The High Court accepted the defendant’s interpretation and noting that where interest is payable consequent to any other paragraph of CPR 36.17(4) on any amount, it is specifically stated.

 

9. Claimant Cannot Accept Part 36 Offer Once Claim Struck Out

In

Devoy-Williams v Hugh Cartwright and Amin [2018] EWHC 2815 (Ch) 5 October 2018

the Chancery Division of the High Court held that once a claim had been struck out the claimant could not accept a Part 36 offer made by the defendant.

The High Court also said that the existence and potential acceptance of a Part 36 offer should not be a factor influencing the decision as to whether the court should grant relief from sanctions:

“I agree with the judge that the Part 36 offer could not be some form of a trump card. As the judge said at paragraph [74], the claim was struck out and it was not for the judge to grant relief so that the Part 36 offer could be accepted, thereby thwarting the purpose and effect of an Unless Order that had been breached.”

This was a professional negligence action against solicitors and an Unless Order was made against the claimants requiring disclosure by 21 October 2016 and in default of that disclosure the claim would be struck out.

The defendant made a Part 36 offer on 10 October 2016 and the claimants sought to accept it on 1 November 2016, that is 11 days after the deadline for failure to comply with the Unless Order.

The court held that the action was no longer extant and therefore it was not possible for the Part 36 offer to be accepted.

This follows the decision in

 Joyce v West Bus Coach Services Limited [2012] EWHC 404

 

10. No Power to Order Payment on Account After Part 36 Offer has been accepted

In

Finnegan v Frank Spiers (t/a Frank Spiers Licensed Conveyancers) [2018] EWHC 3064 (Ch) (27 June 2018)

the Chancery Division of the High Court held that the court has no power to order a payment on account of costs where a party has accepted a Part 36 offer.

The claimant accepted the defendant’s Part 36 offer and issued an application for an interim payment on account of costs.

The District Judge held that there was no power to make such an order and the Chancery Division upheld that decision.

By CPR 44.9(1) acceptance of a Part 36 offer deems that a standard basis costs order has been made.

CPR 44.2(8) provides that where the court has ordered a party to pay costs, it may order an amount to be paid on account before the costs are assessed.

Here the court held “that the place to find the court’s ability to make a payment on account order after acceptance of a Part 36 offer is in Part 36 itself.

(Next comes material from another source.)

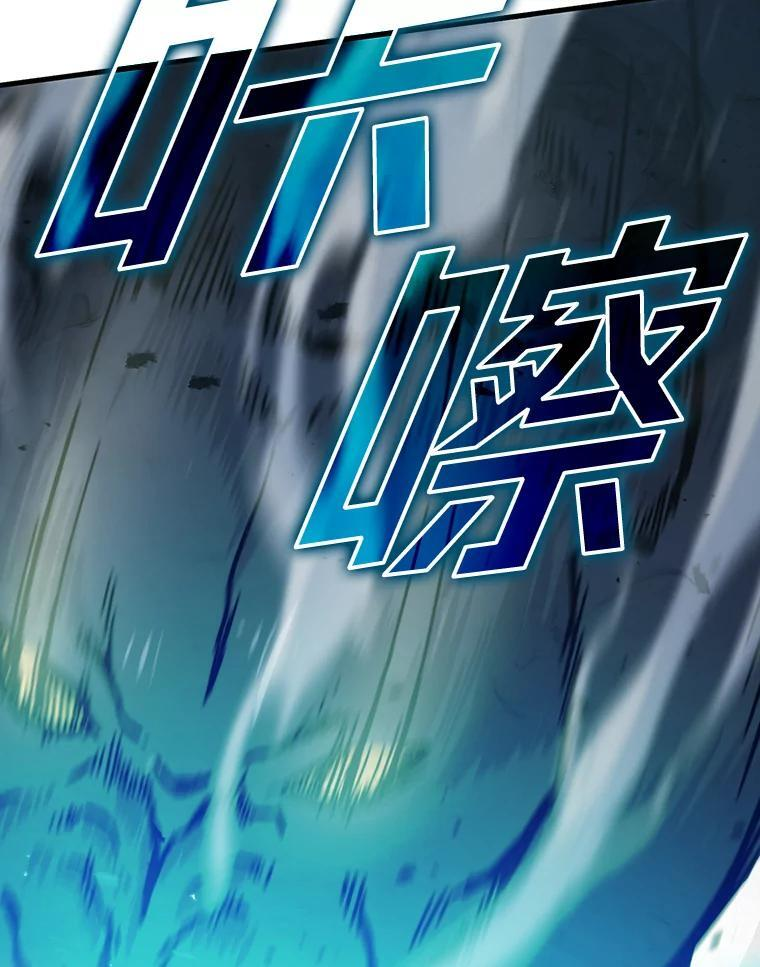 5.这就是魔王大人 第37页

It is absent from there. There is no reason in my judgment, to read rule 44.2(8) to make a payment on account applicable when a Part 36 offer is accepted”. (Paragraph 30)

The court distinguished the case of

Barnsley v Noble [2012] EWHC 3822

where the court held that it had power to order a payment on account following discontinuance.

This was because the rule on discontinuance preserved the court’s discretion as CPR 38.6 provides that a claimant who discontinues is liable for costs “unless the court orders otherwise”.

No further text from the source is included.